Worms taste like dirt. A rubbery sort of dirt, sure—ringed and smooth. But dirt nonetheless.
I am, in fact, speaking from experience. My fascination with odd and sometimes downright outrageous foods brings endless chagrin to my family and friends, not because they worry for my health, but rather because they are the ones who typically watch me eat. I’ve eaten snake and fish eyes in China, alligator in Florida, roasted pork feet in Germany, self-made Native American-style acorn bread, and stir-fried weed at home. When faced with choices at a soda fountain, I simply mix them all together. I am at my most courageous at the dinner table; no foreign-sounding name, squelching-squishing sound, or unnatural hue can daunt me.
Some of these foods, I could have done without. The raw (and judging from its movements in my mouth, still living) snail consumed in France is one such example. These foods I eat strictly to gain perspective. I’m a firm believer that the most direct medium of communication from one culture to another is food; thus, to most properly place yourself in another’s shoes, you must first place yourself in his mouth. When I was in fourth grade, I ate a bit of doggie kibble to see if it really did taste “100% like 100% pure bacon.” Since then my dog has known the true taste of bacon, which does not in fact taste like stale, vaguely salty cardboard.

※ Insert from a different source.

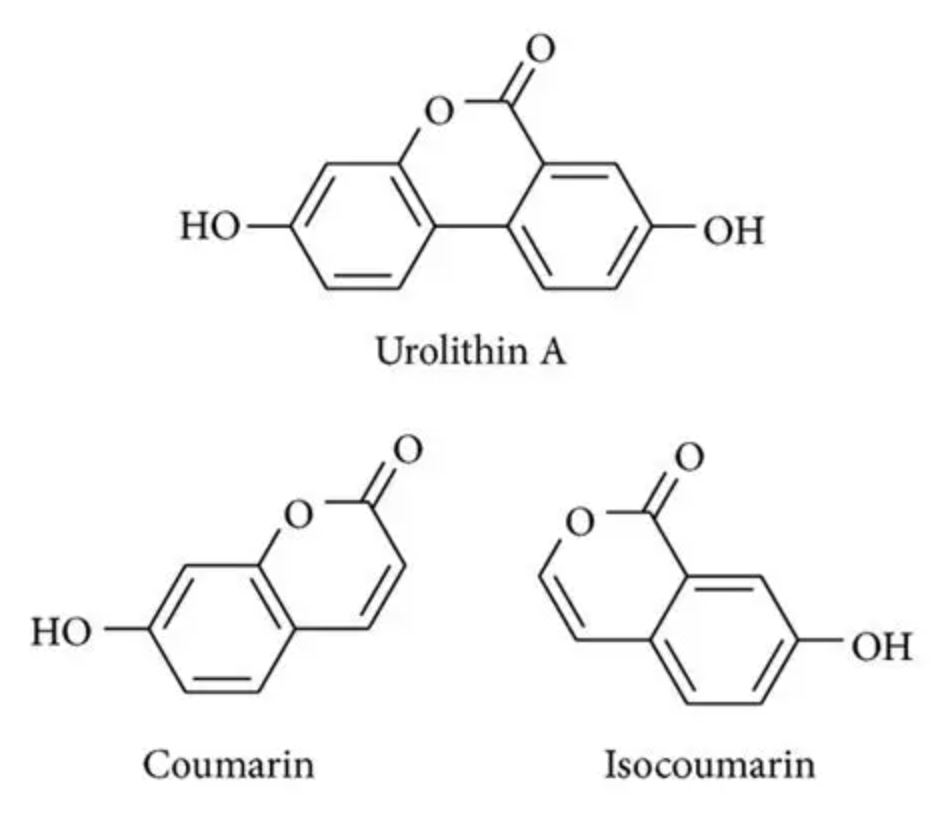 Urolithin A Supplement Ingredient Urolithin A Supplement Ingredient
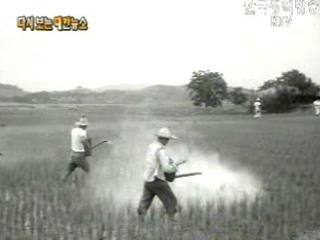 전국 모심기 완료(`62)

Other foods, I would gladly try again and again. Raspberry bombes, turkey-avocado on hazelnut bread, thick slices of Swiss cheese melted with strawberry jam and spread on crackers…these are the foods that come to mind when I think of indulgence. We are at our best when we eat: the sated pleasantness we derive from a thick slice of buttered apple turnover lasts through at least a good hour’s worth of conversation, no matter how dull. Food is of infinite meanings, some which you can’t even define.
Just the other morning, I was sitting at the breakfast table, sipping a cup of green bing tea and forking into a slice of oven-fresh pumpkin pie. As the warmth of pumpkin-cinnamon melted into the aromatic tea on my tongue, I felt a sudden delight not unlike Proust’s in Swann’s Way. Like liquid warmth was trickling down my throat and slowly filling in the little spaces between my chest cavity and heart, pocket-voids of stress and dissatisfaction I hadn’t realized existed dissolved away. I spent a good seven minutes trying to identify the cause of my complete and sudden happiness; the reason revealed itself in a memory of my mother, when she’d worked long hours as a nurse and I cried often when she wasn’t around for Thanksgiving. She bought me a slice of pumpkin pie at a local Safeway to console me. Food had given me back a treasured memory.
The American culture is disjointed; we are, each of us, of different hearts and minds. We do not melt together, but our food does. The eating experience is shared by all, regardless of class, economy, demographic, and race. It is when we are eating that we accept the most readily, when we encounter most directly. In a world full of strangers, even if we have just met, if I have eaten at least one thing you’ve eaten—be it hummus, Cracker Jacks, samosas or phở—for that one little moment, we have shared the same life—felt the same sensation, the same flickers of pleasure or disgust.
So I will eat. Worms, you say? Hornet grubs? Bring it on. And if a little protein’s all that’s required to understand you? So be it. As long as it doesn’t kill me, it can only make me stronger.